Word for word, write out all the entries below, omitting every picture.
== Records supplied ==
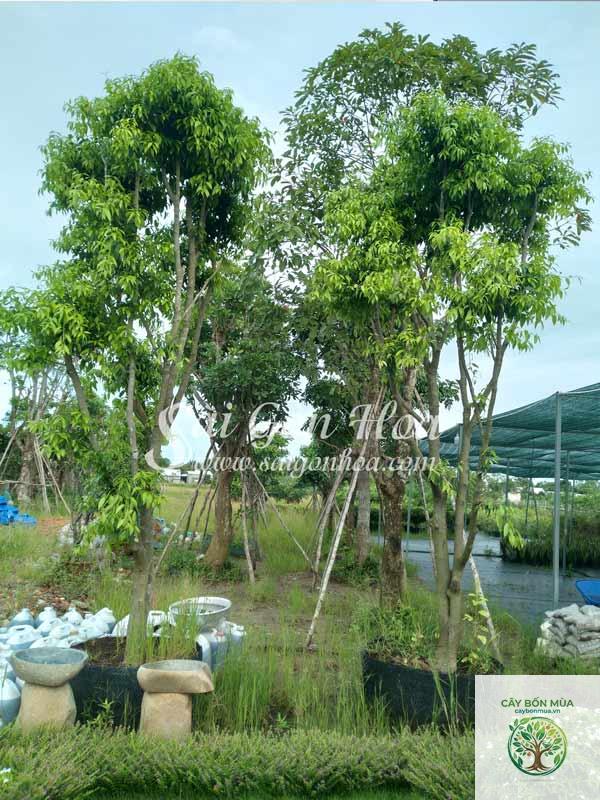 cây thanh trà Thái - Image 3
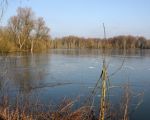 De plas zal vanaf hier worden opgevuld met de afgegraven dekgrond tot aan de bomen in de achtergrond. (31-1-2009 - Jan Dolmans)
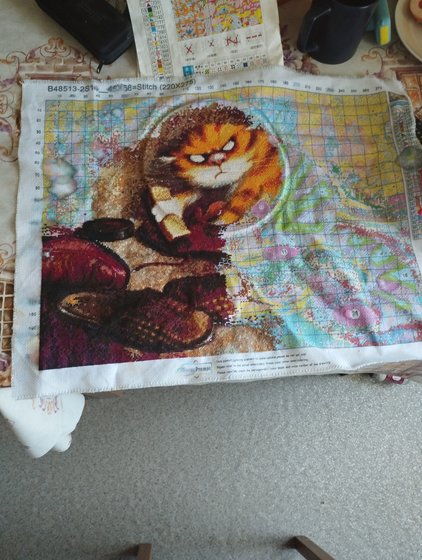 Этап процесса «Кот»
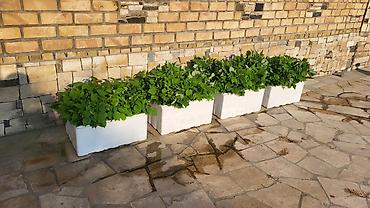 Малина: Саженцы малины. сорт полька - Сильные однолетние побеги с развитой — 4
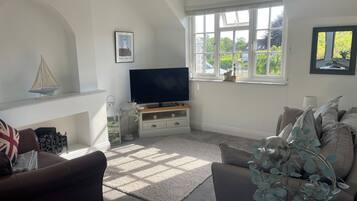 Smart-TV, Kamin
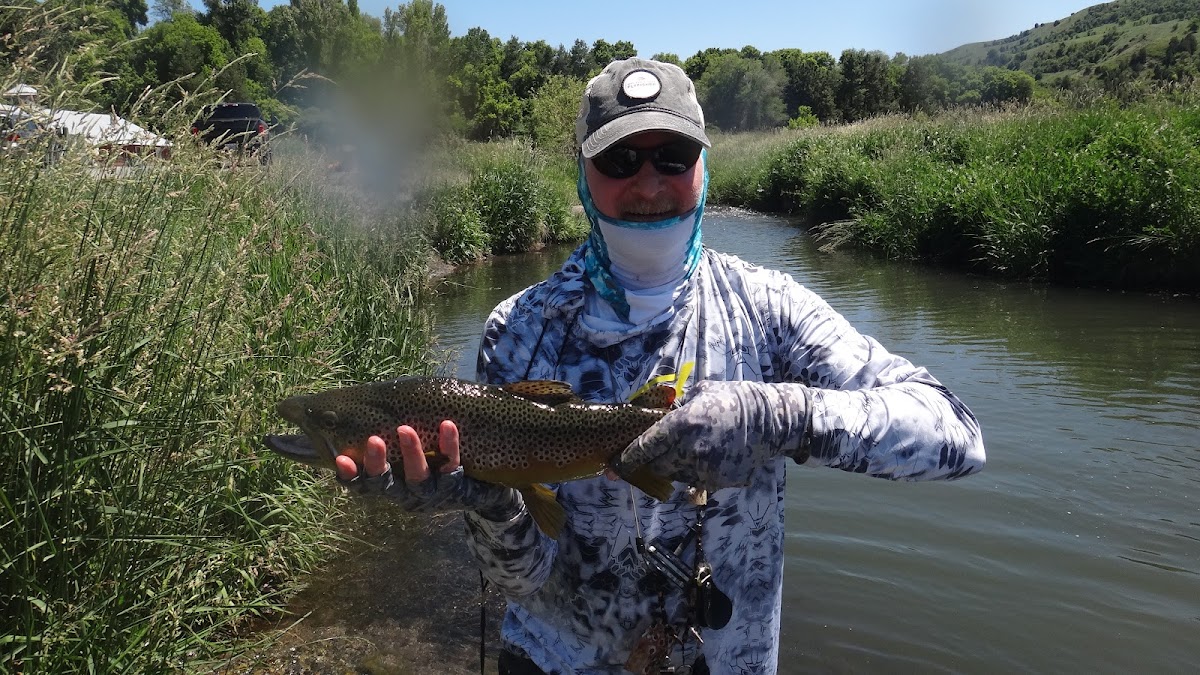 Sportsman Paradise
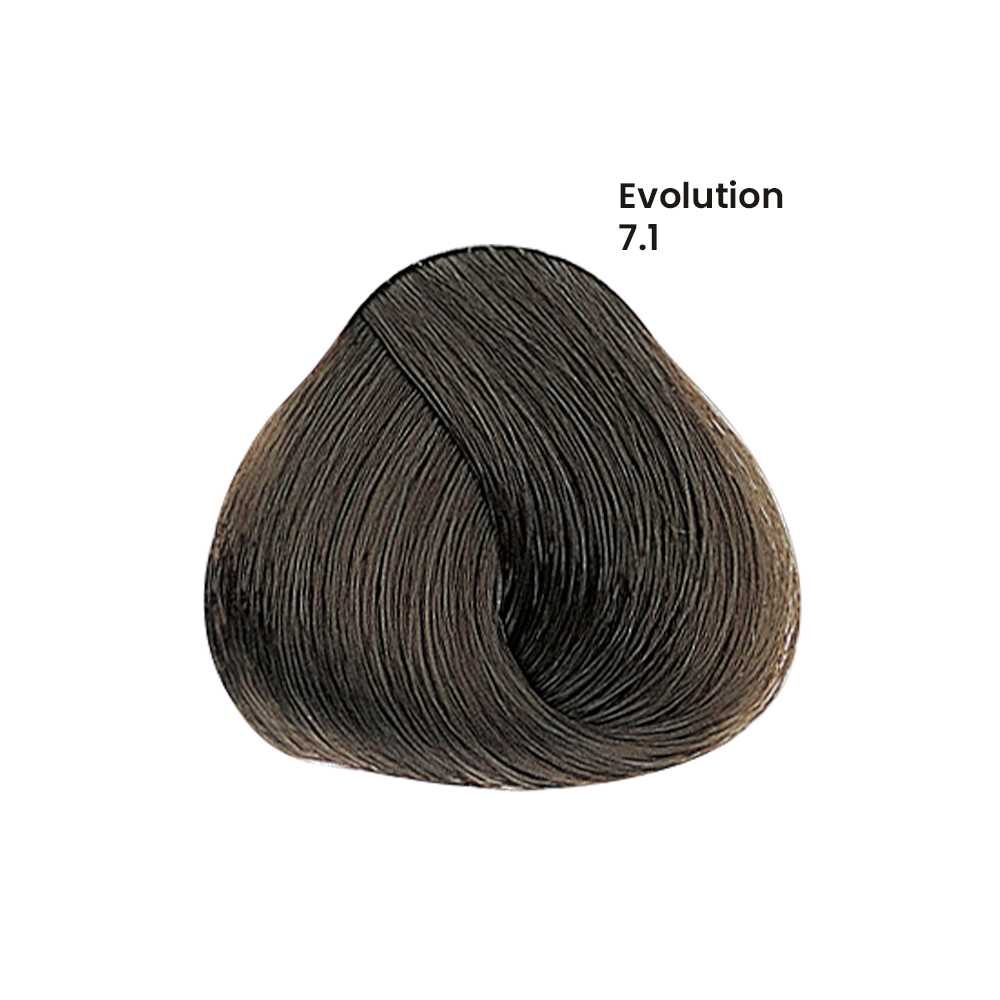 TINTE EVOLUTION X60ML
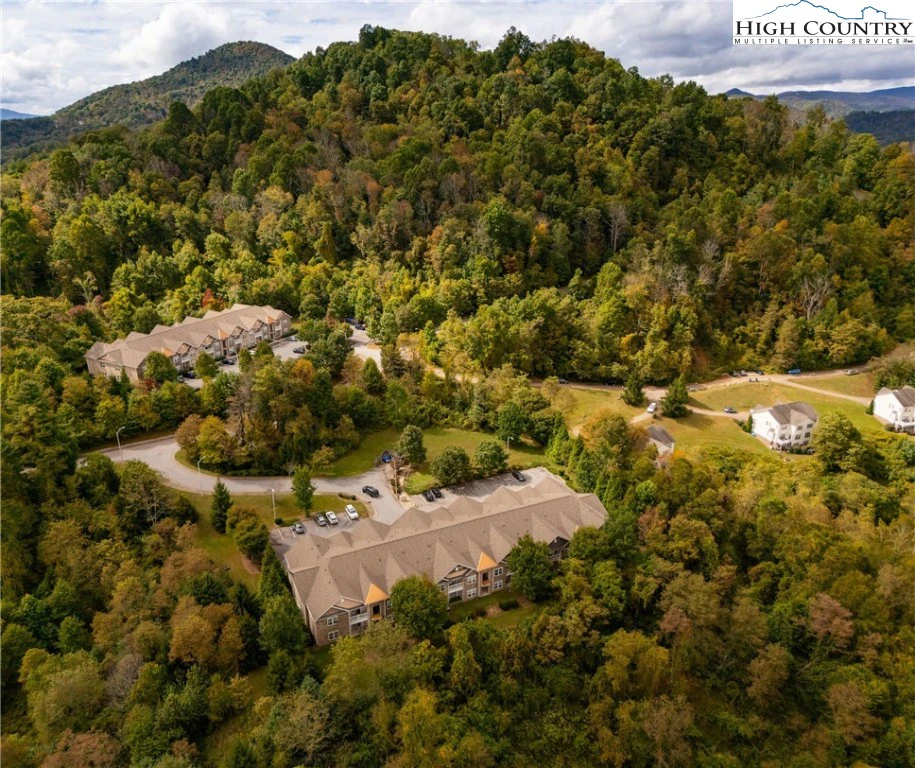 Image number 4 for the current listing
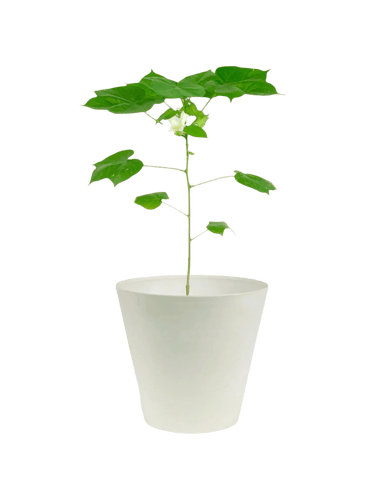 Cotton Plant - Large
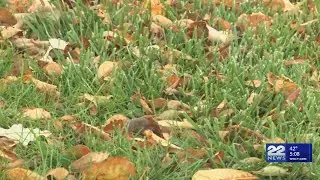 Leaf cleanup tips for a healthy winter lawn
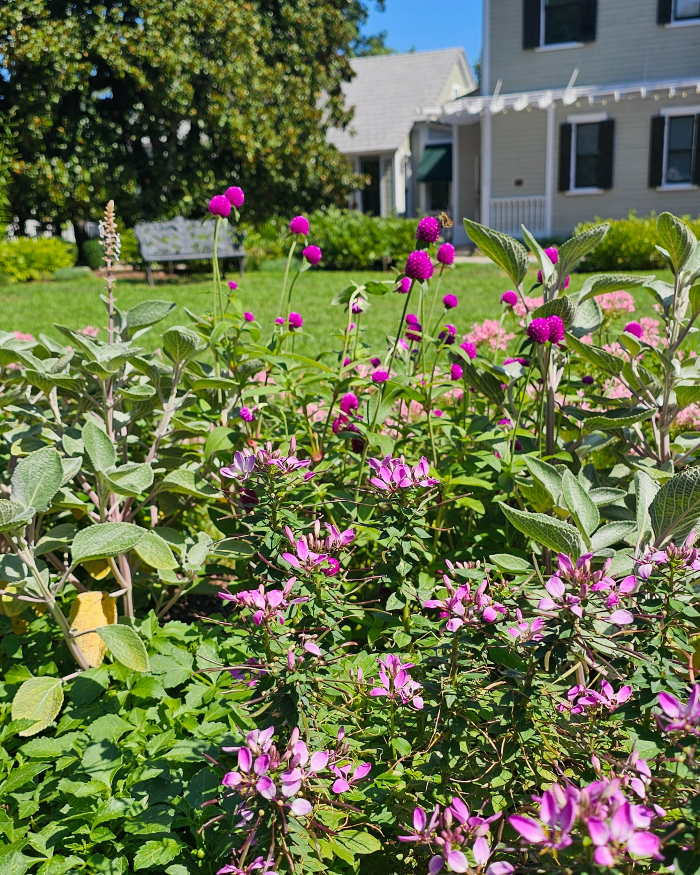 Manchester Gardening LLC Image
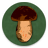 icon Book of mushrooms 4.4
===
* Written answer
 cây thanh trà Thái - Image 3
 De plas zal vanaf hier worden opgevuld met de afgegraven dekgrond tot aan de bomen in de achtergrond. (31-1-2009 - Jan Dolmans)
 Этап процесса «Кот»
 Малина: Саженцы малины. сорт полька - Сильные однолетние побеги с развитой — 4
 Smart-TV, Kamin
 Sportsman Paradise
 TINTE EVOLUTION X60ML
 Image number 4 for the current listing
 Cotton Plant - Large
 Leaf cleanup tips for a healthy winter lawn
 Manchester Gardening LLC Image
 icon Book of mushrooms 4.4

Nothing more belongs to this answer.